In last week’s post, I invited readers to share what they have learned about working for racial justice in the nearly two years since George Floyd was murdered.  I shared some resources which I have found helpful, including an NPR podcast/article by Eric Deggans. In his article, “Not Racist is not Enough: Putting in the Work to be Anti-Racist,” Deggans is very concrete. He offers four practical tips below that I’ll explore in this and future posts:

Tip #1: Accept that we’ve all been raised in a society that elevates white culture over others.
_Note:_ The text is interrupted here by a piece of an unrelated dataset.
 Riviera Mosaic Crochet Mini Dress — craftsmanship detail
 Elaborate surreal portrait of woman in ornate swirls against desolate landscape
Being anti-racist will mean first challenging those notions inside yourself.

Tip #2: Learn the history of racism and anti-racism, especially in America, to educate yourself about the complexities of the issues you’ll be confronting.
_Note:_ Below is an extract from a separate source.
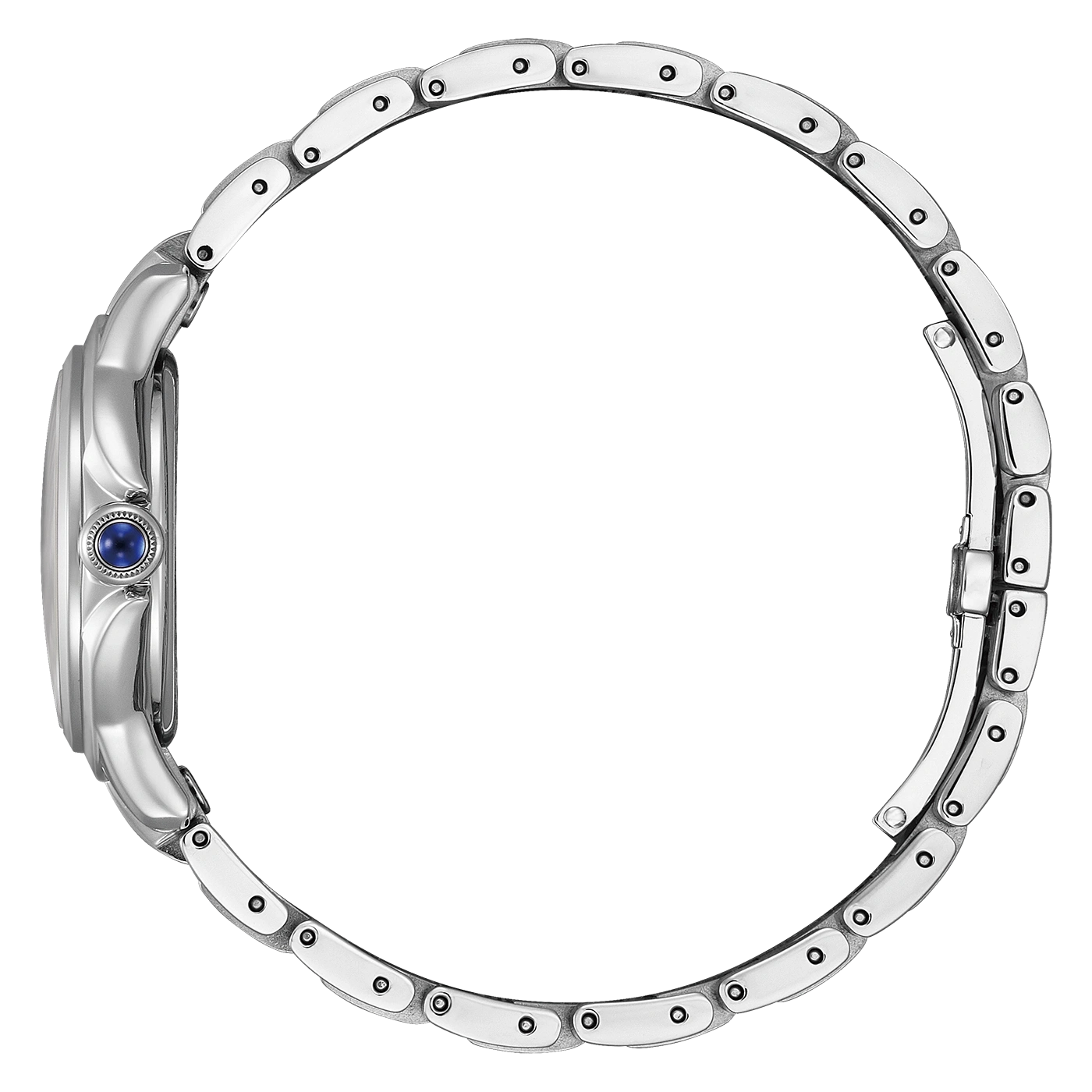 Zijaanzicht van een zilveren polshorloge met een blauwe edelsteen en metalen band.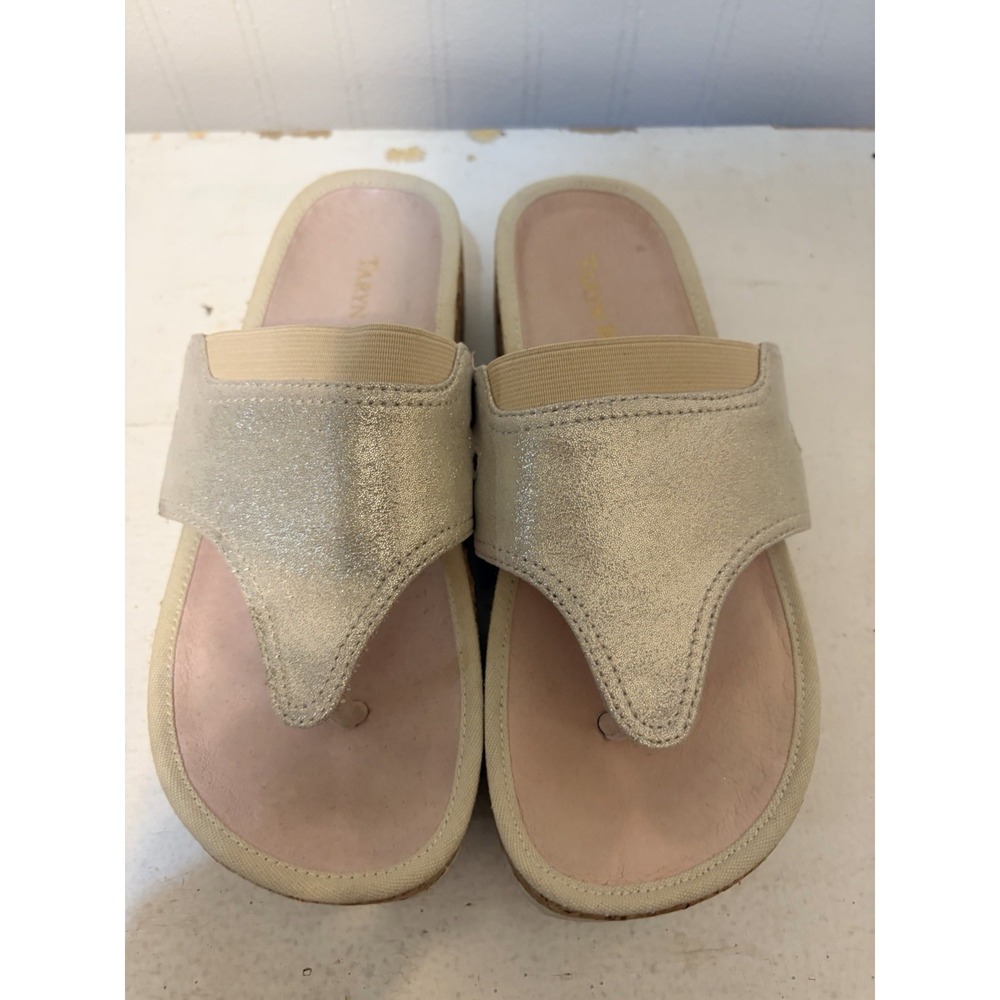 TARYN ROSE Womens Sz 5 Pale Gold Metallic ADELLE Thong Cork Platform Sandals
Tip #3: Seek out films and TV shows which will challenge your notions of race and culture and dive in deeply, learning to see anti-racism in new ways.

Tip #4: Find local organizations involved in anti-racism efforts – preferably led by people of color – and help uplift their voices and ideas.

Let’s start with Tip 1 – how do we honestly examine the notions that get in the way of accepting everyone as equal? I find this hard to do because it makes me uncomfortable. I don’t like to face how deeply white superiority has been embedded in me. The predominant white culture has trained us well to deny and ignore those parts of ourselves. Therein lies the challenge. What I can’t or won’t admit or accept as part of me continues to harm me and others.

I don’t think I am unique in avoiding moments of self-reflection that don’t line up with my idealized self-image. Fortunately, most of the institutions and practices that support our spiritual and emotional growth encourage self-examination.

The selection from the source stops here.